Two mental health crises Thursday occurred 5 miles apart but had vastly different outcomes.
In the town of Culpeper, a 24-year-old man who’d barricaded himself in a residence received help.
But in a rural community of Culpeper County, an Army veteran received death.
Donald Francis Hairston, 44, was killed by police during a welfare check at his home, according to a story in the Culpeper Star-Exponent. Hairston met the same fate as a neighbor, Ellis Frye Jr., 62, who also was shot to death by a county deputy under similar circumstances on Thanksgiving.
Frye, like Hairston, was African American.
“There’s lots of questions from the Black community — and not just the Black community,” said Jamie Clancey, a member of the Culpeper Town Council.
Culpeper is among five areas in Virginia hosting pilot programs for the Marcus Alert, a framework for a statewide crisis response system approved this past fall by the Virginia General Assembly. Slated to be fully implemented by July 2026, the alert is named after Marcus-David Peters, who was fatally shot by a Richmond police officer in 2018 while experiencing a mental health crisis.
The law directs the Virginia Department of Behavioral Health and Developmental Services to work with the Virginia Department of Criminal Justice Services and local law enforcement to create the system and coordinate the response to a crisis. But it fails to limit police involvement in situations where there is no immediate safety threat or regulate their use of lethal weapons when responding, as initially proposed.
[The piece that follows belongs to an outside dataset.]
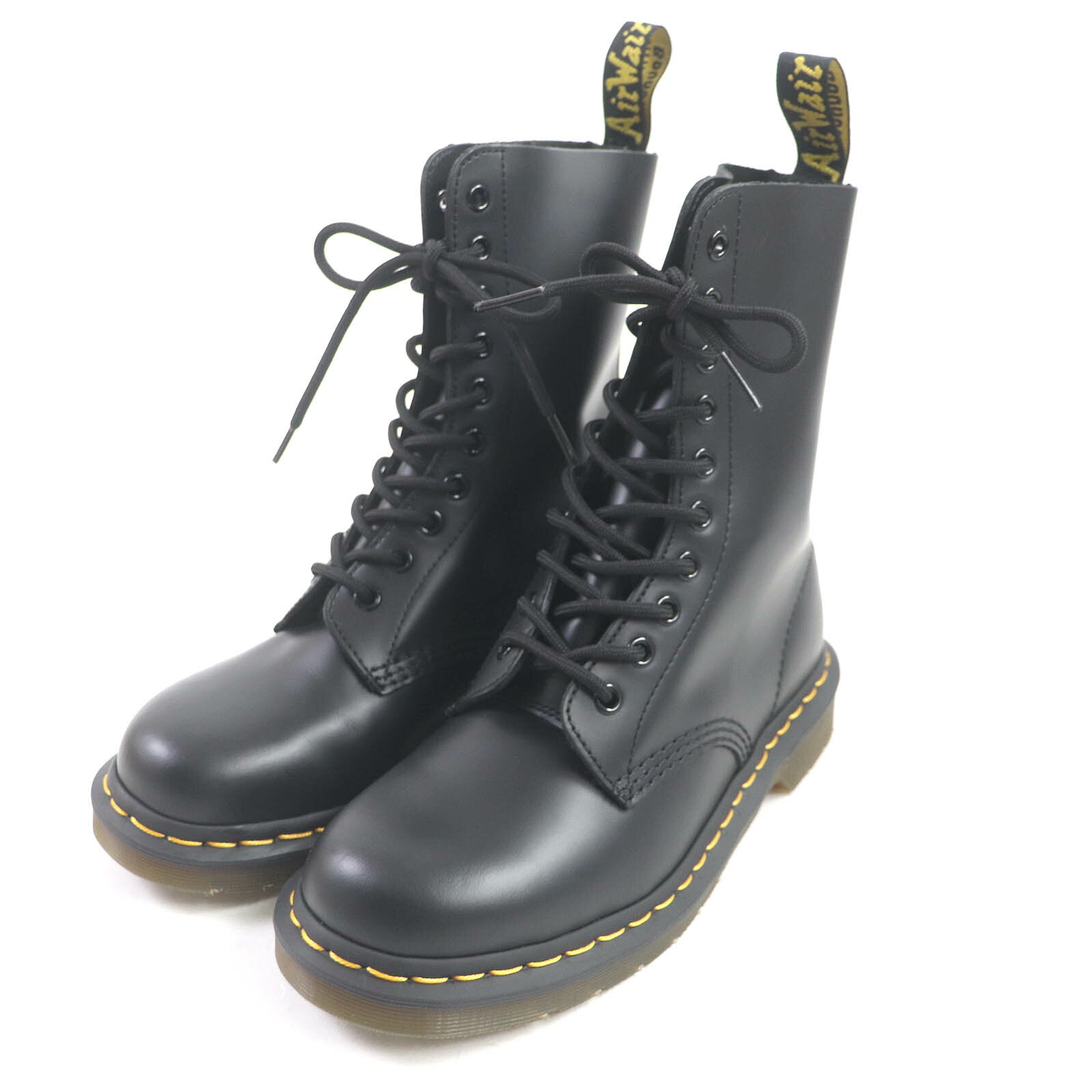 極美品□Dr.Martens ドクターマーチン 1490 STANDARD FIT 10ホール ワークブーツ アンクルブーツ スムースレザー ブラック 6 メンズ【中古】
The outcomes in Culpeper are exactly what were feared by Princess Blanding, Peters’ sister and a candidate for governor. She says the Marcus Alert leaves too much discretion to police, lacks accountability and will perpetuate the sort of inconsistent outcomes evidenced in Culpeper.
Blanding is so unhappy with the legislation bearing her brother’s name that she denounced it during a ceremonial signing of the bill by Gov. Ralph Northam in December. Lawmakers, as they seem to be doing a lot lately, called it “a start.”
The pilot protocols have not been established in the area that includes Culpeper. But Blanding says the pilot would have resulted in the same lethal outcomes for Hairston and Frye, “because it’s so subjective and so watered down.”
An employee in the Culpeper County Sheriff’s Office referred my inquiries to the Virginia State Police, which is investigating both shootings at the request of Sheriff Scott Jenkins.
State Police Sgt. Brent Coffey said via email that Hairston barricaded himself inside his residence.
“Despite the deputies’ attempts to communicate with Hairston in an effort to de-escalate the situation, Hairston exited the residence armed with a gun. He discharged the firearm and then pointed the firearm at the deputies. A deputy fired and struck Hairston, who succumbed to his injuries at the scene.”
The town of Culpeper’s Police Department, in a release after Thursday’s incident, said officers forced entry into the barricaded room “and successfully deployed less lethal options,” secured a homemade weapon from the man and took him into custody. The man was eventually transported to Novant Health UVA Culpeper Medical Center for a mental health evaluation.
“We are grateful for this peaceful resolution to such a dangerous and unpredictable situation,” Culpeper Police Chief Chris Jenkins said in the release. “I’m proud of my officers for following their mental health crisis training and making all attempts to de-escalate this situation. We are relieved that this young man is alive and we hope he receives all of the support and services needed to make a full recovery.”
Jim LaGraffe, executive director of Rappahannock Rapidan Community Services, said each mental health crisis is unique; he could not draw any conclusions from events in Culpeper without being at the scene.
But Clancey and other Culpeper residents say the cultures of the town police and county sheriff’s department are starkly different — a reality that buttresses Blanding’s concerns about inconsistencies and uneven applications.
Culpeper town police walked and knelt with Black Lives Matter protesters during a demonstration this past year.
The sheriff’s office, meanwhile, posted on its Facebook page in September that “Antifa and the Black Lives Matter movement is not peaceful and at their heart are violent.” It also posted spurious claims against BLM, including a story — debunked by The Roanoke Times — of a violent attack by Black Lives Matter demonstrators in the Star City.
The sheriff’s office had some trust building to do, even before these two shootings. County families, particularly Black families, will have some hard choices to make the next time a loved one is in the throes of a mental health crisis.
A statewide mental health crisis response system can’t work without trust. And that trust can’t be built on a pile of dead bodies.